Earlier this month, the Central Board of Film Certification (CBFC) invited the ire of the film industry when a list of "objectionable words/abusive words" that was meant for internal circulation within the Board was leaked to the media.
The censor board chief Pahlaj Nihalani even went public to say in a report that the list was "not for the media".
A few days back, a rumour claimed that The Film and Television Producers Guild of India was now planning to file a PIL pertaining to this matter.
While the body’s chairman, Mukesh Bhatt, denied the news, he did say that they would not hesitate to take legal action if the situation demanded it in the future.

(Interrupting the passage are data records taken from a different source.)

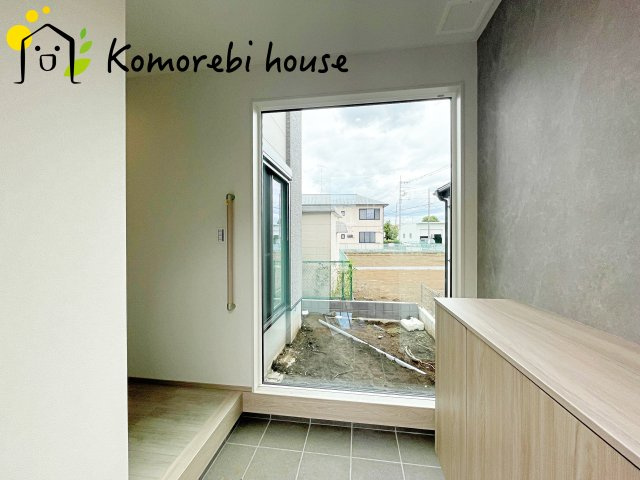 伊奈町寿　新築一戸建て　タマタウン　02の玄関|毎日通る玄関はこちらです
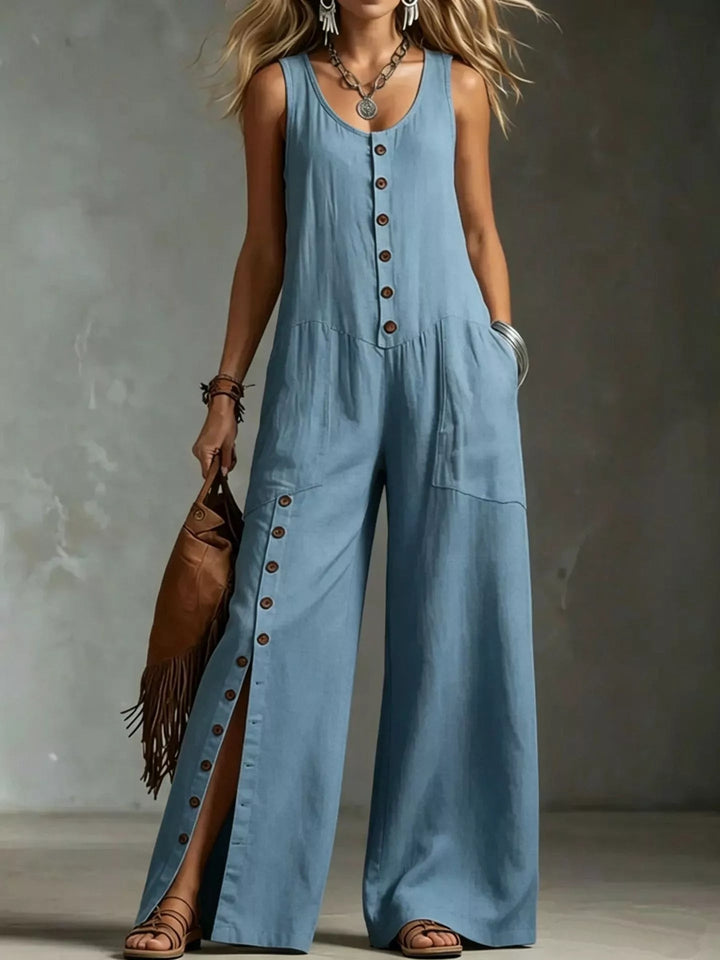 Ærmeløs jumpsuit med vide ben og knapper foran — Plus Size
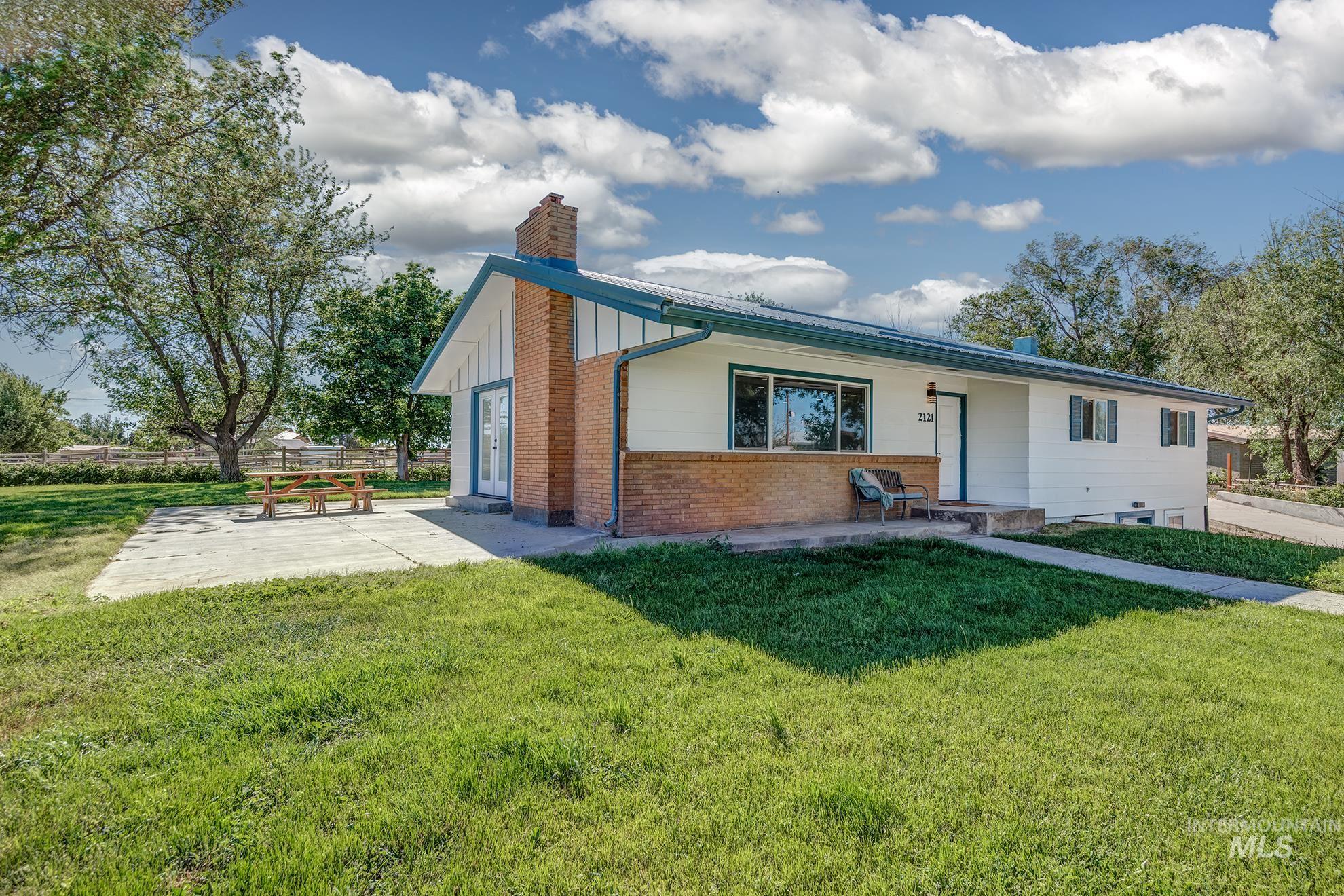2121 Alameda, Ontario, Oregon 97914, 5 Bedrooms, 3 Bathrooms, Residential For Sale, Price $529,000, 98986125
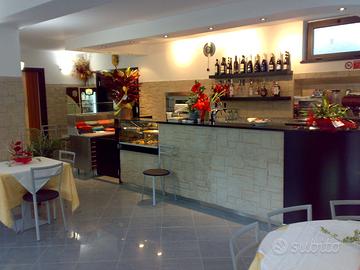 attrezzatura e arredi bar ristorante pizzeria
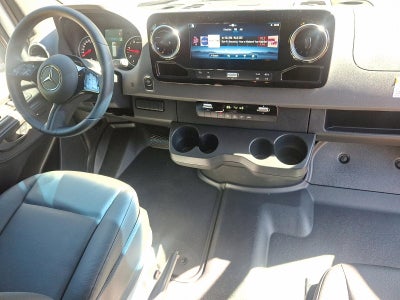 2026 Mercedes-Benz Sprinter Cargo Van 2500 Standard Roof I4 Diesel HO 144" RWD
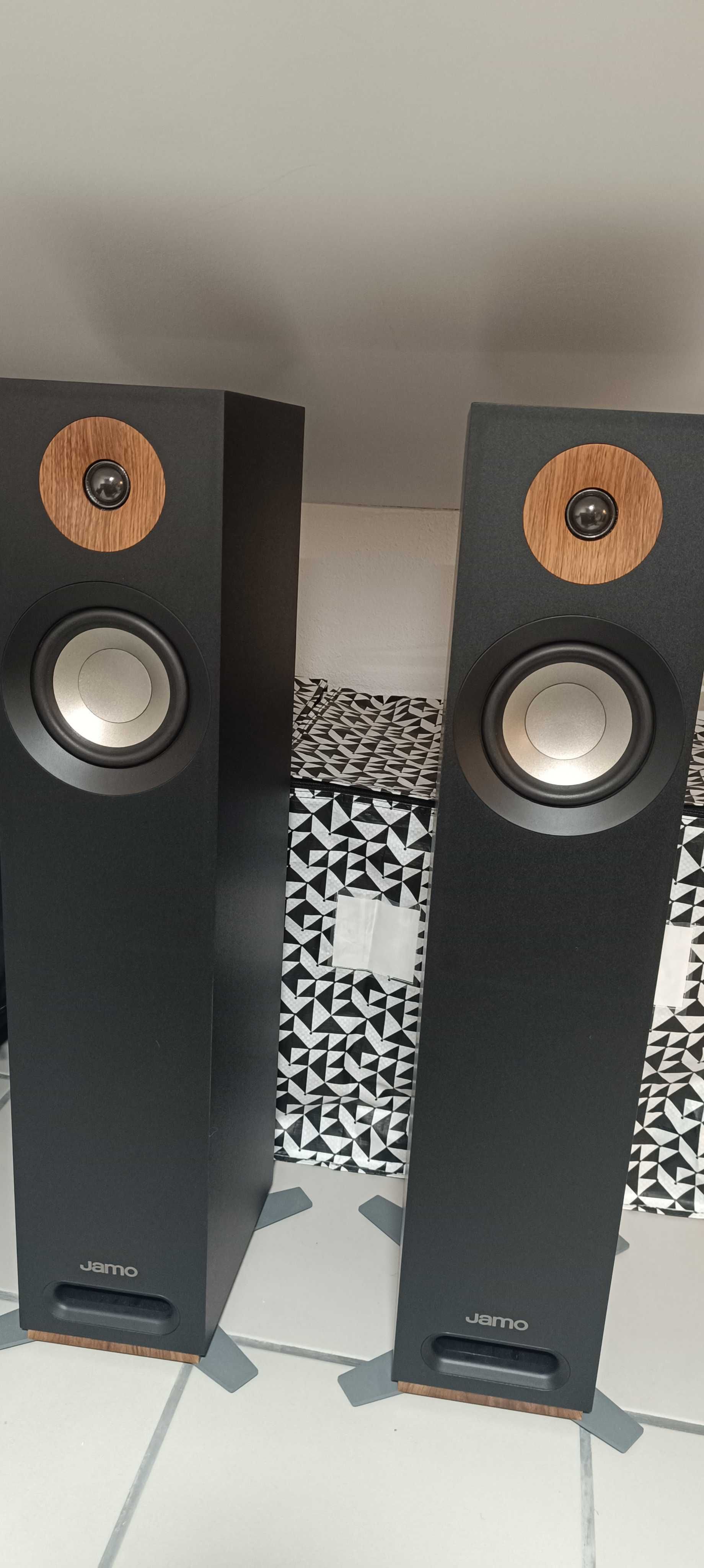 HOME CINEMA - CONJUNTO DE COLUNAS JAMO S 805  5.0 CANAIS (NOVO)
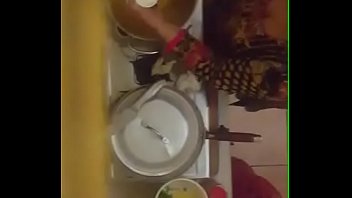 Pamer Payudara Ranum Tante Desi Yang Menggoda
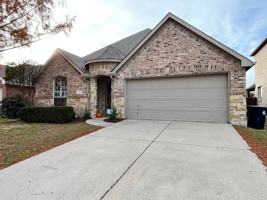 featured image of 921 Raleigh Path Rd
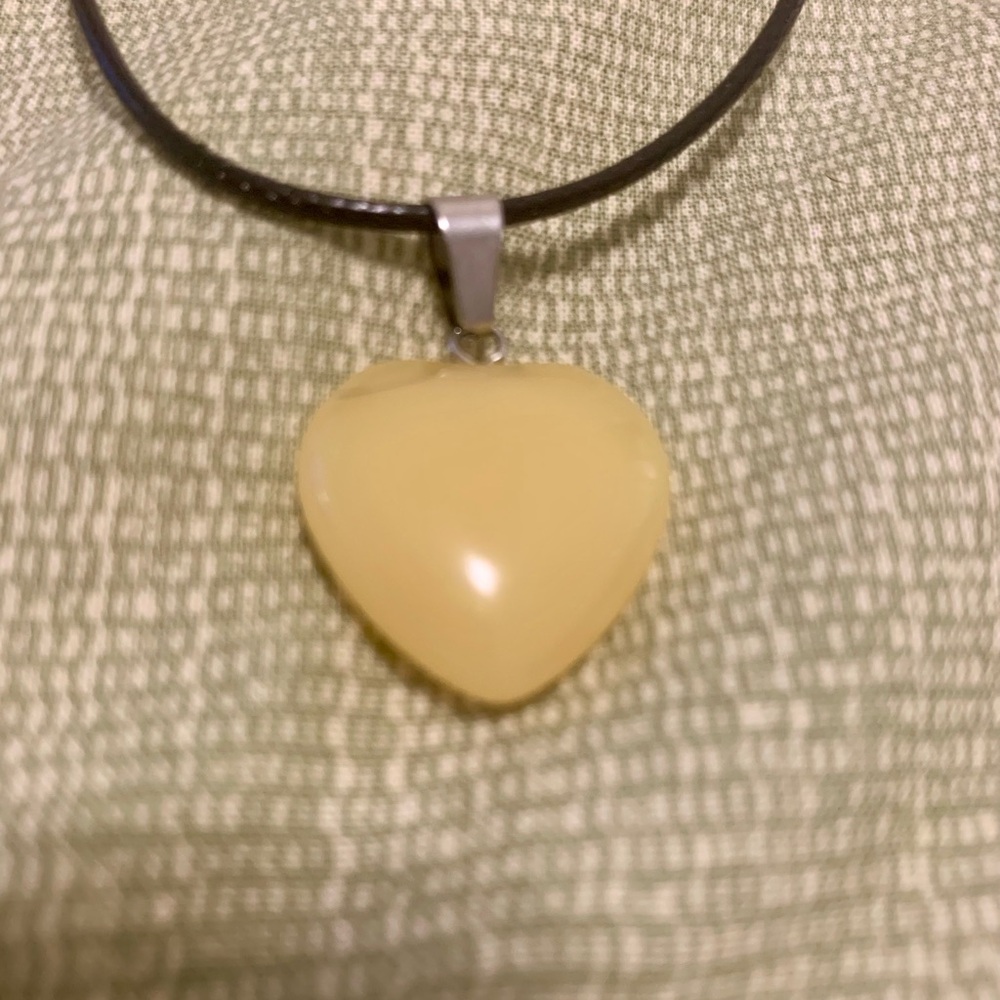 Elegant Cream Heart Pendant Necklace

He says, "There is no PIL filed yet, but yes, if our films keep getting affected, we will have no other option but to go to court."
Insisting that the censor board cannot change its rules and guidelines overnight, as a lot of money and effort is riding on the industry, he adds, "If the Board has to change any rule, it has to do it in consultation with the filmmakers. It cannot be arbitrary and throw diktats."
In the past, several films such as Gangs Of Wasseypur (2012) and Go Goa Gone (2013) have been released with these ‘objectionable’ words. But of late, it has become harder for filmmakers to go under the radar. While some recent releases like Shamitabh and Badlapur had to omit certain words, the latest victim seems to be Anushka Sharma’s NH10.
Reportedly, the film’s release date has been pushed by a week — from March 6 to March 13 — due to the censor board having issues with the expletives used in it.